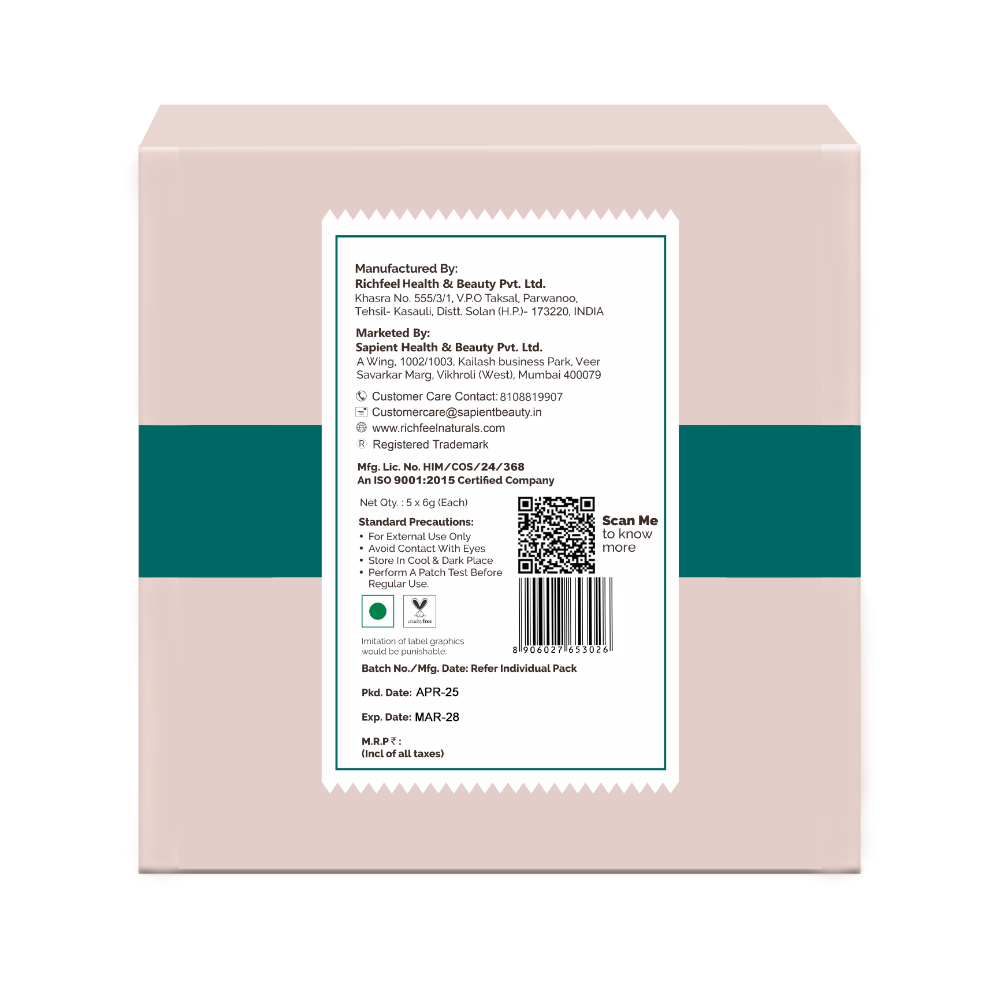Richfeell Skin Whitening Facial Kit 30 g Pack of 4 - Image 8 - Buy from Indicrest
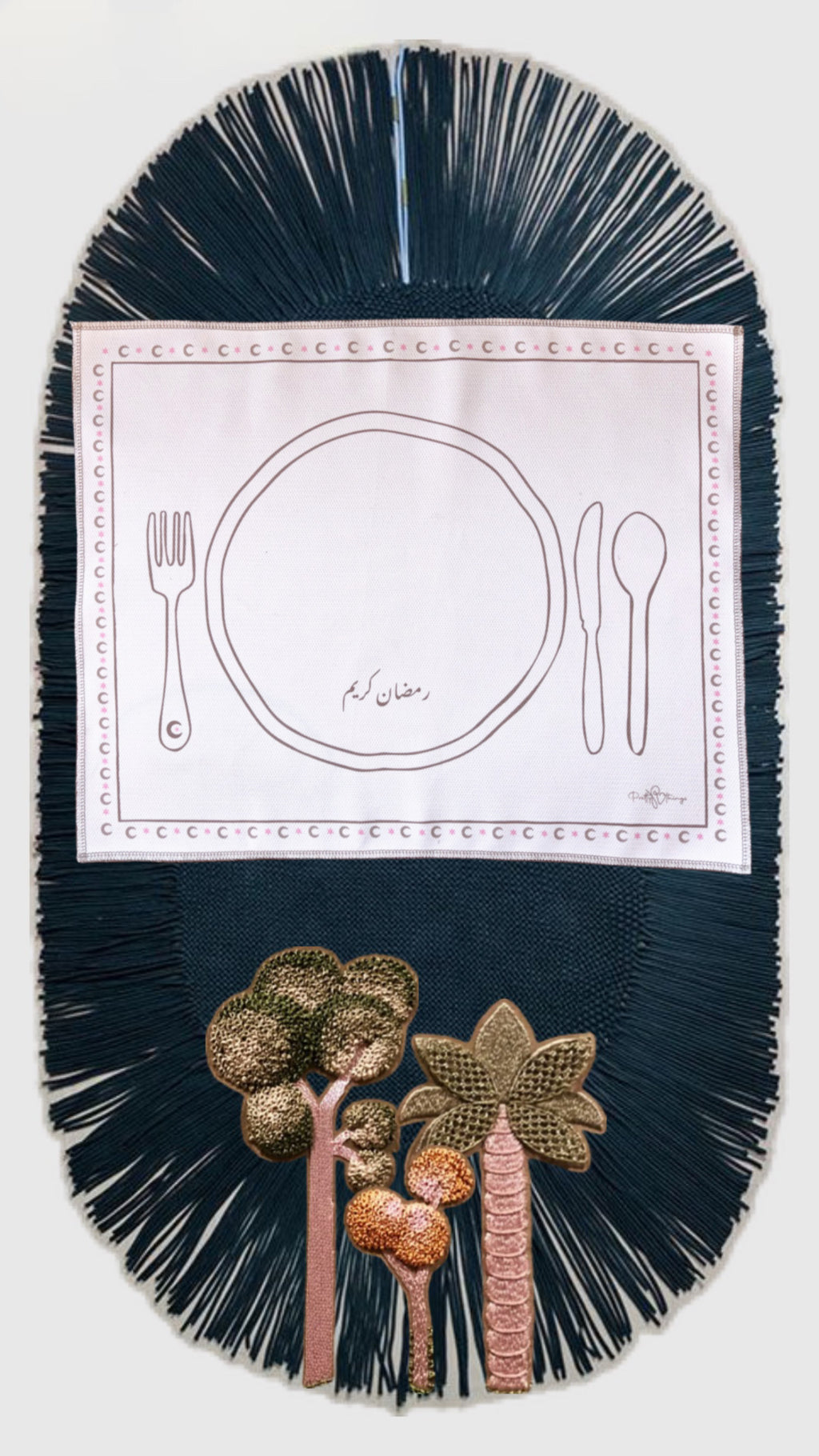 pretty ramadan placemats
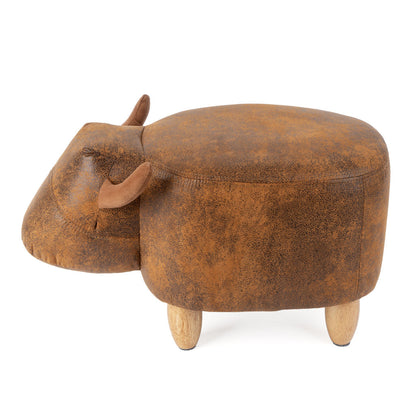 Tabouret La Vache – Similicuir & Bois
────
* REQUIREMENT *
Restate the listing above word for word, and skip the pictures.

* ANSWER SECTION *
Richfeell Skin Whitening Facial Kit 30 g Pack of 4 - Image 8 - Buy from Indicrest
 pretty ramadan placemats
 Tabouret La Vache – Similicuir & Bois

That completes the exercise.